Understood on that basis, the video was a winner, and Lincoln kept raking in money. Their revenue haul for June 2020 was more than $10 million, more than double what they had taken in the month before.
As Biden’s speaking and steering systems continued to deteriorate, the Lincoln Project kept producing videos that implicitly drew attention to the problems.
On September 1, 2023, they released “Two Presidents.”
It showed Biden jogging and safely climbing the steps of Air Force One. This was two years after he had fallen multiple times trying to board the aircraft. And then just 25 days after “Two Presidents” was released, Biden slipped again trying to navigate those stairs.
The video also showed Biden riding his bike, an effective way to remind America that he had fallen off one while barely moving a little more than a year earlier.
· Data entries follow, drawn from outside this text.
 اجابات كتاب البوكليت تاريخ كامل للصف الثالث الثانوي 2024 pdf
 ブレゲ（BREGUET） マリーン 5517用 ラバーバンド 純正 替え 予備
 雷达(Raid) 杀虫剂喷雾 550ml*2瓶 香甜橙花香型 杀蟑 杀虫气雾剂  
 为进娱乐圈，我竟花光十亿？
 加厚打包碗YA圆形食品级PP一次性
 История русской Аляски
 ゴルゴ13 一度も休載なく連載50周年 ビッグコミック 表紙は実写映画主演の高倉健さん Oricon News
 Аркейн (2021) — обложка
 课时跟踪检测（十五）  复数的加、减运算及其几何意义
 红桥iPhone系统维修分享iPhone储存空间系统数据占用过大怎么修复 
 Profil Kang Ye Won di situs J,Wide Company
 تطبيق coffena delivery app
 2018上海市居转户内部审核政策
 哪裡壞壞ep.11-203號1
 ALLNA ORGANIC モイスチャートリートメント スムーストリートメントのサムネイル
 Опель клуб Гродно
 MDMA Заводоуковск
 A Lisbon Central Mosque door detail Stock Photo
Not content to let the stupidity simmer down, the Lincoln Project released “Senile” two weeks later on September 15, 2023. This one used video from Fox News hosts discussing the mental decline of Biden but replaced the video images with some that supposedly portrayed Trump having those troubles.
The main takeaway for a genuinely undecided voter who saw this was that Fox News was at least giving serious coverage to the Biden brain decline. It’s also easy to imagine a Fox-hating anti-Trumper eating up the message and sending Lincoln some more loot.
Success!
In late November 2023, the Lincoln projectors let loose with “Impaired,” which followed the predictable format. The star of this one was Rep. Nancy Mace (R-SC) saying “voters will be able to decide next year: do they want to vote for a vegetable for president, or someone who has energy and mental acuity?”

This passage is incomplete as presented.